This year, lawmakers were under pressure to add more money to the pot. Experts worried that without another infusion, payments related to January’s Eaton Fire in Los Angeles, which the U.S. Department of Justice alleges was caused by faulty utility equipment, would deplete much of what’s left.
The legislature extended the fee, adding $18 billion to the Wildfire Fund that will be split evenly between ratepayers and utility shareholders over the next decade. But it also passed several measures that will help offset that cost by minimizing future rate increases. First, utilities will be prohibited from earning a profit on the first $6 billion they spend on wildfire mitigation projects, such as burying power lines, starting next year. Companies will be required to finance this spending more cheaply through ratepayer-backed bonds rather than through equity, which commands a higher rate of return.
On top of that, the legislature directed the governor’s office to create a “Transmission Infrastructure Accelerator,” a program that will develop public financing options for new transmission lines, such as low-cost loans, revenue bonds, or even partial public ownership of the projects.
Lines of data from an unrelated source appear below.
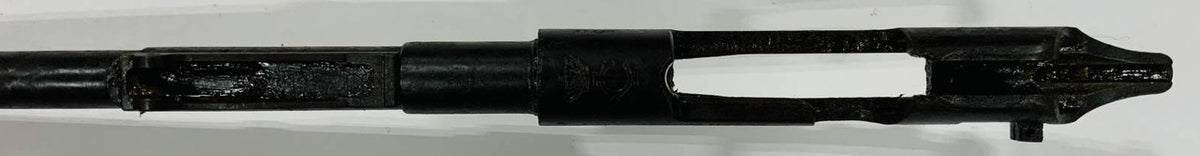 Portuguese 1904 Mauser 8mm Barreled Receiver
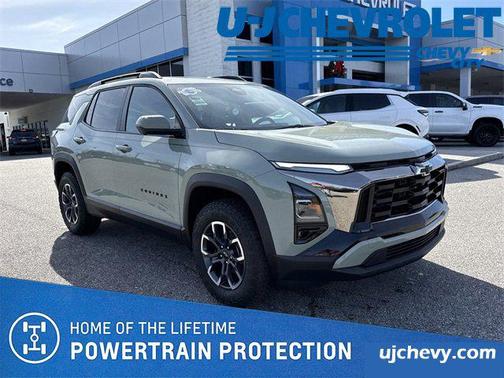 2026 Chevrolet Equinox FWD ACTIV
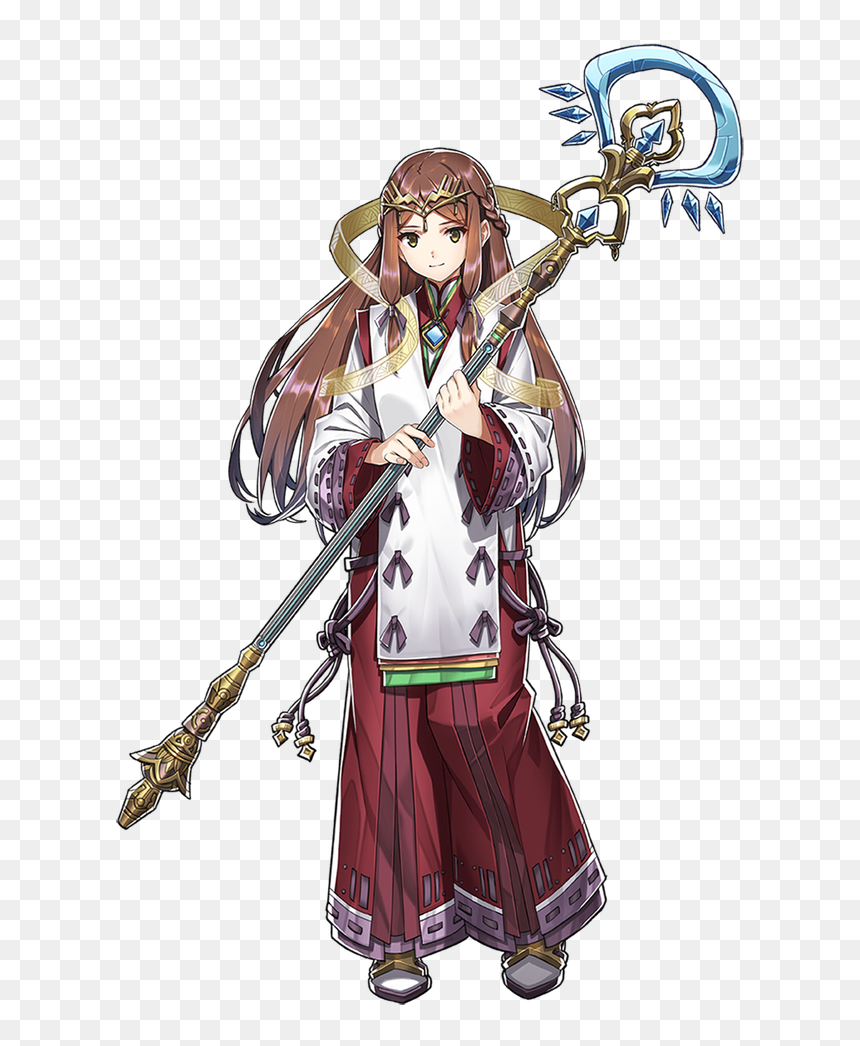 Xenoblade Chronicles 2 Fan La Norne, HD Png Download - xenoblade chronicles 2 png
The program will have a dedicated “Revolving Fund” that will be replenished each year with a portion of cap and invest revenue.
“It is the largest electricity affordability measure in the whole package,” Sam Uden, the co-founder and managing director for the nonprofit policy shop Net Zero California, told me — to the tune of $3 billion in savings per year once the new lines are constructed, according to an analysis his group commissioned.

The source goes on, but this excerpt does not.